Educator Orhan İnandı feared to have been kidnapped in Kyrgyzstan

Educator Orhan İnandı, founder and director of the Sapat school network in Kyrgyzstan, went missing after leaving his house in Bishkek on Monday evening, the TR7/24 news website reported.

According to the media reports, İnandı left his home at around 8 p.m. Monday evening, and Kyrgyz police launched a missing person search in the early hours of Tuesday. A Toyota Lexus that belonged to İnandı was found parked in an area around eight kilometers from his home at around 4 a.m. on Tuesday.

He was last contacted by a friend at around 9 p.m. Attempts by his family to contact him all failed. He is feared to have been abducted by Turkey’s National Intelligence Organization (MİT) due to his alleged links to the Gülen movement, according to his family.

“His jacket and two phones were in the car. Although I don’t have any eyewitnesses, I suspect that he was abducted and taken to Turkey, and I fear for his life,” İnandı’s wife said.

İnandı, a Kyrgyz citizen of Turkish origin, has been living in Kyrgyzstan since 1992. The Kyrgyz government had denied the Turkish government’s request for İnandı’s extradition on terrorism charges.

Turkish President Recep Tayyip Erdoğan has been targeting followers of the Gülen movement, inspired by US-based Turkish Muslim cleric Fethullah Gülen, since the corruption investigations of December 17-25, 2013, which implicated then-Prime Minister Erdoğan, his family members and his inner circle.

Dismissing the investigations as a Gülenist coup and conspiracy against his government, Erdoğan designated the movement as a terrorist organization and began to target its members. He intensified the crackdown on the movement following an abortive putsch on July 15, 2016 that he accused Gülen of masterminding. Gülen and the movement strongly deny involvement in the coup attempt or any terrorist activity.

“An investigative-operational group has been created. All the necessary investigative actions and search measures are being taken to establish the whereabouts of the citizen [İnandı],” the Kyrgyzstan police said in a statement.
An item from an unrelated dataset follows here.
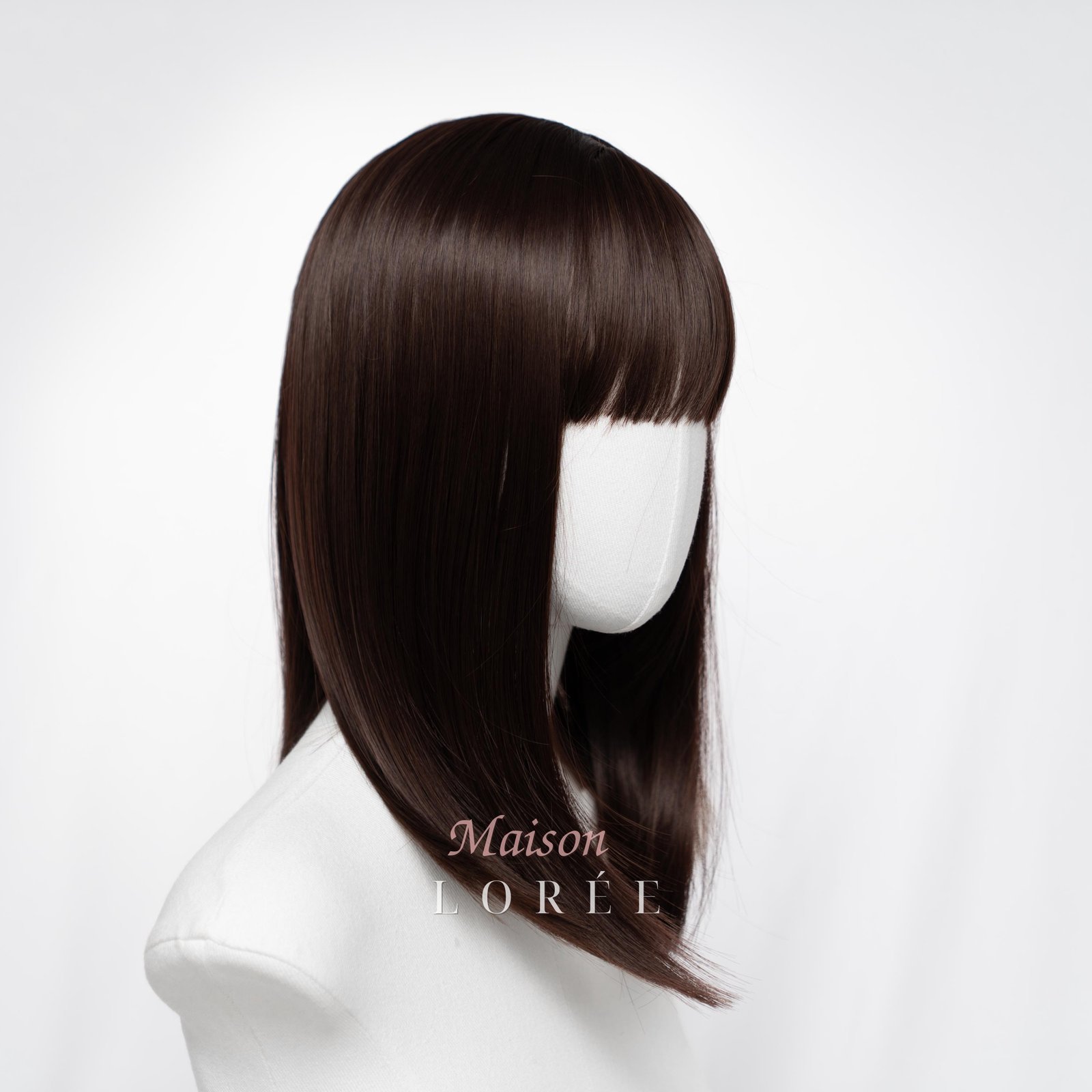 Perruque carrée marron foncé avec frange — lisse, 40 cm, teinte brun — portée, vue de face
According to the AKIpress news agency, Kyrgyz President Sadyr Japarov ordered the State Committee for National Security and the Ministry of Internal Affairs to conduct an extensive search to locate the missing teacher.

MİT has intensified its efforts to target dissidents abroad. Most recently a nephew living in Kenya of Islamic scholar Fethullah Gülen was arrested by Turkish spies and brought back to Turkey at the weekend, the state-run Anadolu news agency reported.

In a joint letter UN rapporteurs accused the Turkish government of engaging in the systematic practice of state-sponsored extraterritorial abductions and forcible returns to Turkey, with at least 100 Turkish nationals from multiple states including Afghanistan, Albania, Azerbaijan, Afghanistan, Cambodia, Gabon, Kosovo, Kazakhstan, Lebanon and Pakistan removed to Turkey.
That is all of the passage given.